EU's EMA Balances Medication Approvals with Health Care Data Management

Hans-Georg Wagner, the IT chief for the European Medicines Agency, the equivalent of the U.S. Food and Drug Administration, talks to eWEEK about IT systems, data analysis and interoperability.

The equivalent of the U.S. Food and Drug Administration, the EMA (European Medicines Agency), based in London, is a public health agency in the European Union that approves drugs and provides guidelines for health care providers and pharmaceutical firms for a region spanning from the Arctic Circle to the Mediterranean Sea.

As the head of information and communications technology for the EMA, Hans-Georg Wagner oversees the IT operations of this regulatory agency. "The whole regulatory process of bringing drugs to market needs to be as sufficient as possible and as good-quality as possible so we can be sure that our scientific opinion stands," Wagner said.

Wagner spoke with eWEEK about how the EMA deals with the challenges of handling 100-plus information systems, aligning with worldwide standards, and storing and analyzing 70 terabytes of medical data.

How does the EMA approach health care IT?

We have what we call basic IT-financial and budget systems, human resources, electronic document management, record management, print and file serving, access control systems, etc. So that's standard stuff that anybody would need.

And going further out, there is a group of information systems directly related to the regulatory life cycle of medicinal products. So, for example, making sure that when a new application comes in, it's actually registered and there is a formal reply provided. That the tracking process starts, that we can follow who is doing what.

So everything to do with the internal and external processes that will eventually lead to a scientific opinion. And of course everything to do with the monitoring of risk benefit profiles.

There is a family of information systems and standards and technical specifications called eSubmission, which is everything to do with using information technology to make it possible for applications and sponsors to submit their dossiers electronically in a single-defined format irrespective of the procedure to all the regulators.

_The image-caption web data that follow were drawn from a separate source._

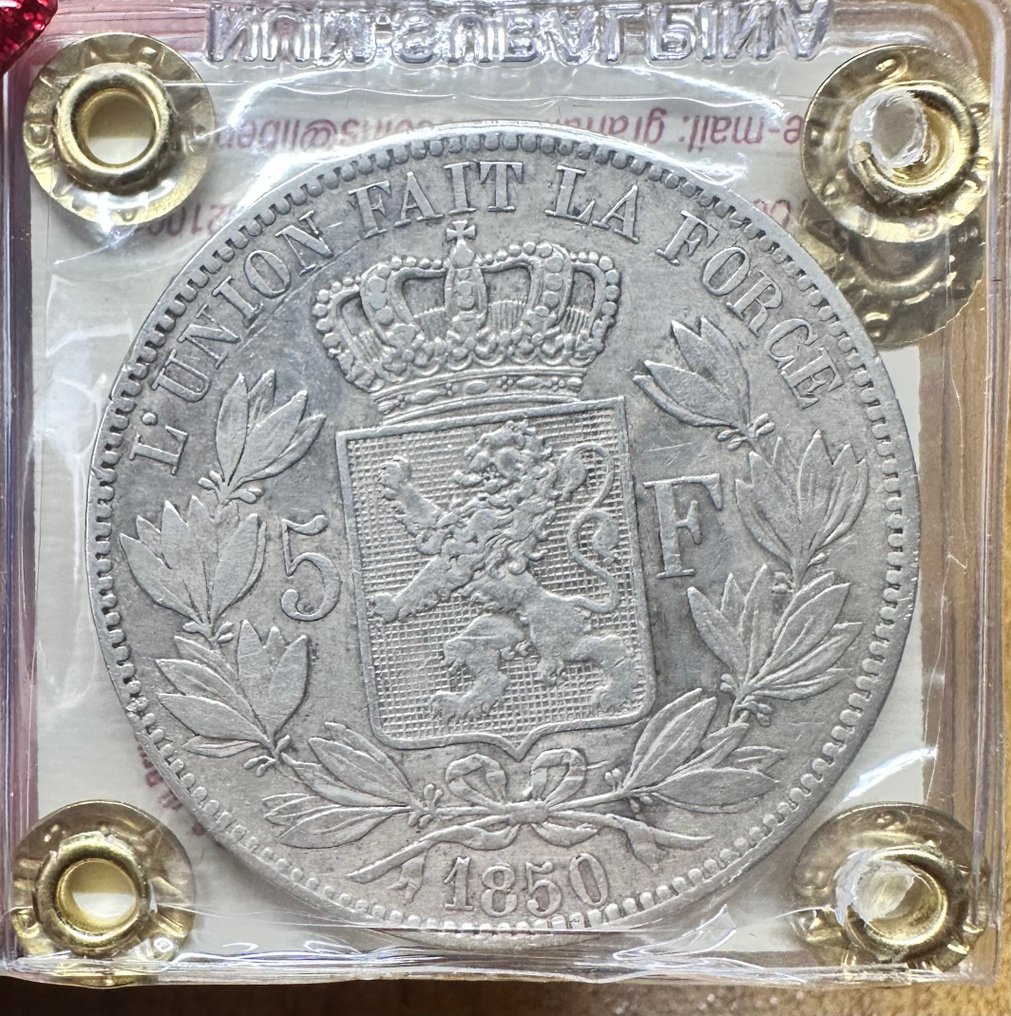 比利時. 利奧波德一世. 5 Francs 1850  (沒有保留價) #1.0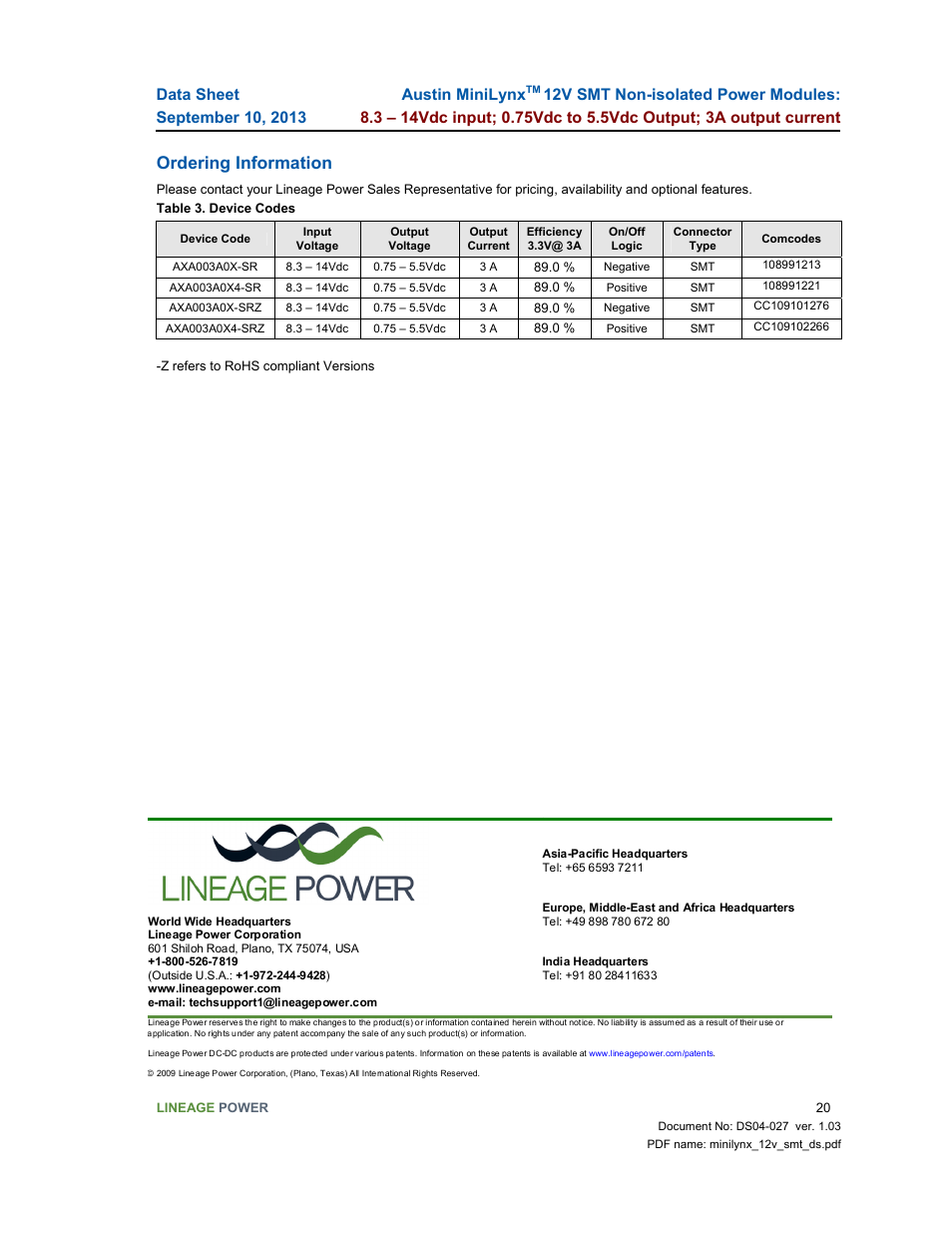 Ordering information, Austin minilynx | GE Industrial Solutions Austin Minilynx 12V SMT User Manual | Page 20 / 20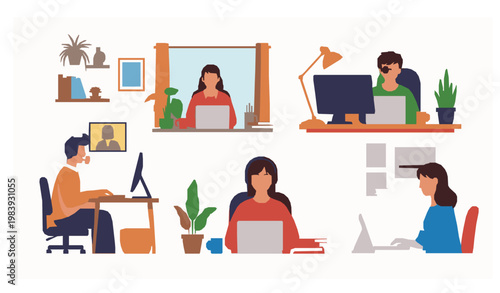 Home coworking freelancers remote work lifestyle cartoon vector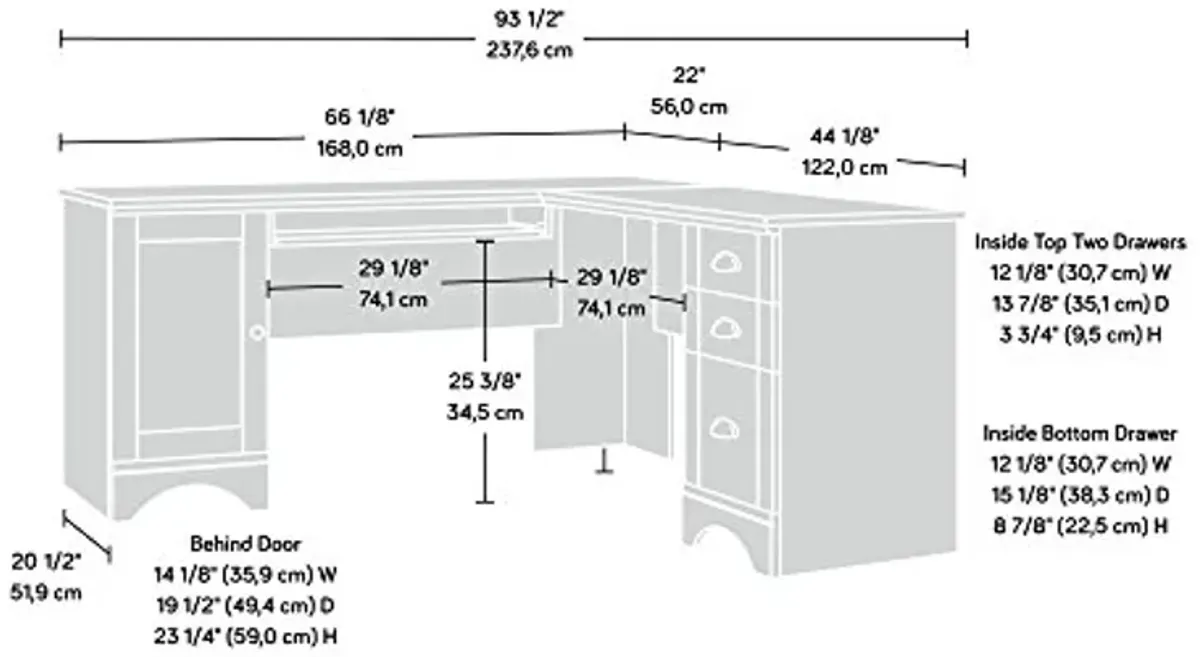 Sauder Harbor View Corner Computer Desk, L: 66.14" x W: 66.14" x H: 30.28", Curado Cherry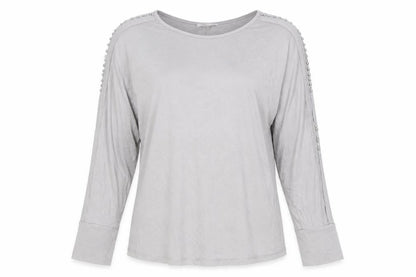 TwentyTwo Womens Grey Viscose Basic T-Shirt Size XL Boat Neck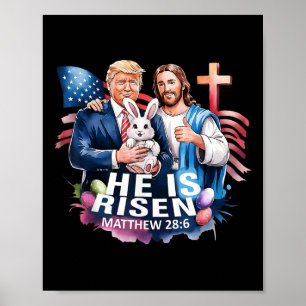 Affiche Il Est Ressuscité Jésus Drôle Trump Us Drapeau Heu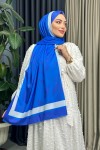 Elva Desenli Ipek Şal - Mavi Elva Desenli Ipek Şal - Mavi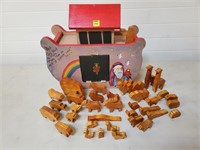 Custom Made Noah's Ark w/ Wood Animals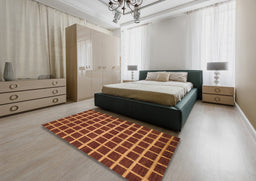 Abstract Red Checkered Rug in a Bedroom, abs1418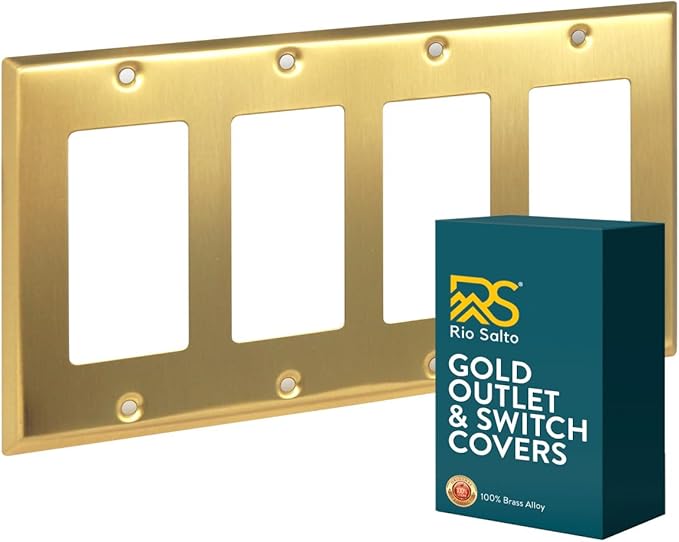Rio Salto BRASS Signature Collection Metal Gold Quad Decorator Receptacle Metal Wall Plate Cover Light Switch Quad Rocker Decorator Wallplate Covers 4 Gang Brushed Brass 4-Gang Standard Size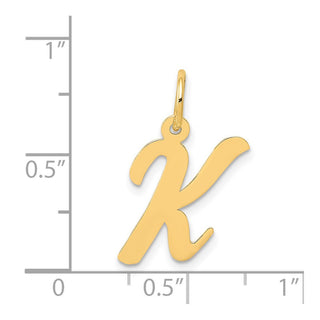 14k Yellow Gold Medium Script Initial K Charm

For these things to work, we understood not immediately but a few years into the program that to achieve interoperability across Europe, you do have to have a common data model, which in Europe is called the reference data model.

And of course you need what is called controlled terminology.

If you try and book a flight with one of the cheap or not-so-cheap airlines online and want to enter the departure airport and the destination airport, you don't have free text entry. You have to choose from a pick list. And that makes sure that you can't enter an airport that doesn't exist.